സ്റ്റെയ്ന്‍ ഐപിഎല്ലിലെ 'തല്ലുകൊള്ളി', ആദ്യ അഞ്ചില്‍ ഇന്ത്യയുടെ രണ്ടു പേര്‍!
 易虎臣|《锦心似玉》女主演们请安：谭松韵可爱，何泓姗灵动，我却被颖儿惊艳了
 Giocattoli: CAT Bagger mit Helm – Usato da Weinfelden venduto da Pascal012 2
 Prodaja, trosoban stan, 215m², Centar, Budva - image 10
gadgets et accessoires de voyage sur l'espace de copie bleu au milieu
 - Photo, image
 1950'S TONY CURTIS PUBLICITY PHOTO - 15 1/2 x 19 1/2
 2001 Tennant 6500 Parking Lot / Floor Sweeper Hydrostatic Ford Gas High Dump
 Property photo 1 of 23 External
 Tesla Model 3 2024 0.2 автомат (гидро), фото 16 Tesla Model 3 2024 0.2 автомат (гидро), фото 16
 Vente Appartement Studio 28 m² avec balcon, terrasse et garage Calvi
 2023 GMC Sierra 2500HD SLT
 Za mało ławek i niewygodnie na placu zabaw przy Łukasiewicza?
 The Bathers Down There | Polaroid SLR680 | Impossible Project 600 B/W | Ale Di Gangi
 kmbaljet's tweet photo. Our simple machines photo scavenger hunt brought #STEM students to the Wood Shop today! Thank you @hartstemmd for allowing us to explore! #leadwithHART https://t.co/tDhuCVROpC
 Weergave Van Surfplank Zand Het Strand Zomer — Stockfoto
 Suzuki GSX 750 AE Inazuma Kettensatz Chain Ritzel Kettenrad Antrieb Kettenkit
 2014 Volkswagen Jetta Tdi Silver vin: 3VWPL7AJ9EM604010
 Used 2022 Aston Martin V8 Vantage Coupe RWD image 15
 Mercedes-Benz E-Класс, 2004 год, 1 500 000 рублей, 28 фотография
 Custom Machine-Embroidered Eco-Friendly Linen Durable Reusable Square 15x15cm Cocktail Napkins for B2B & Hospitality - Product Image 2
——
- _ABOUT THIS TASK_: Please reproduce the lines from the line with "gadgets et accessoires" to the line with "kmbaljet's tweet photo.", both ends included, exactly as they appear above.

- _EXERCISE RESULT_:
gadgets et accessoires de voyage sur l'espace de copie bleu au milieu
 - Photo, image
 1950'S TONY CURTIS PUBLICITY PHOTO - 15 1/2 x 19 1/2
 2001 Tennant 6500 Parking Lot / Floor Sweeper Hydrostatic Ford Gas High Dump
 Property photo 1 of 23 External
 Tesla Model 3 2024 0.2 автомат (гидро), фото 16 Tesla Model 3 2024 0.2 автомат (гидро), фото 16
 Vente Appartement Studio 28 m² avec balcon, terrasse et garage Calvi
 2023 GMC Sierra 2500HD SLT
 Za mało ławek i niewygodnie na placu zabaw przy Łukasiewicza?
 The Bathers Down There | Polaroid SLR680 | Impossible Project 600 B/W | Ale Di Gangi
 kmbaljet's tweet photo. Our simple machines photo scavenger hunt brought #STEM students to the Wood Shop today! Thank you @hartstemmd for allowing us to explore! #leadwithHART https://t.co/tDhuCVROpC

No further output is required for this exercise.